In a memo sent on May 25 obtained by The Points Guy, Delta said that an ongoing staffing shortage was affecting its ability to recover from widespread travel interruptions caused by air traffic control delays and severe weather over a busy holiday travel weekend. Because of the mounting logistical snarls, the carrier said it planned to “relieve pressure by proactively thinning the schedule over Memorial Day and through the balance of June.”
But the next day, an official announcement from the airline stated that it would also be cutting around 100 daily flights from its schedule from July 1 through Aug. 7 to help the company get ahead of any logistical issues. “This will build additional resilience in our system and improve operational reliability for our customers and employees; we’ll continue to proactively adjust select flights in the coming weeks,” the company wrote in a press release, per The Points Guy. Now, a change to the airline’s released schedule is showing how the company is planning on paring back its service.

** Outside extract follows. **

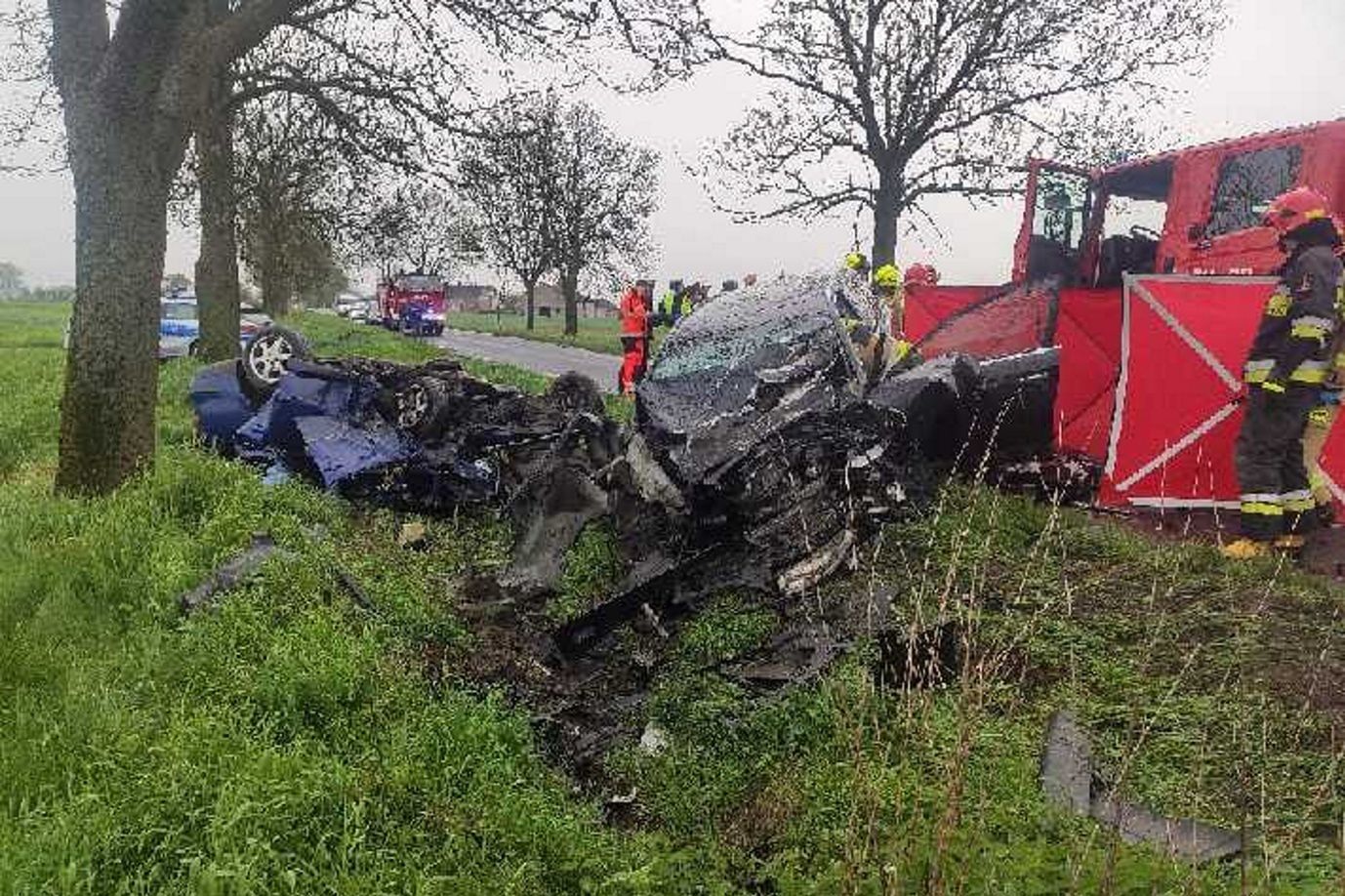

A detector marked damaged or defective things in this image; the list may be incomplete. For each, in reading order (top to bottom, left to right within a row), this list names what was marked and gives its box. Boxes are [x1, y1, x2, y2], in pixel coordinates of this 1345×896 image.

severely mangled car [194, 273, 1062, 652]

Delta is cutting flights between seven major cities in the coming weeks, according to its latest schedule posted to flight data website Cirium and confirmed by an airline spokesperson to The Points Guy. The changes will affect direct flights between larger markets, dropping service between Atlanta (ATL) and Colorado Springs (COS), Atlanta and Oakland (OAK), and Detroit (DTW) and Sacramento (SMF).
The new schedule also shows that the airline has scrapped planned service between Boston (BOS) and Memphis (MEM) initially slated to begin on Sept. 6. Originally, the route was set to launch in October 2020 but was delayed due to the COVID-19 pandemic, The Points Guy reports.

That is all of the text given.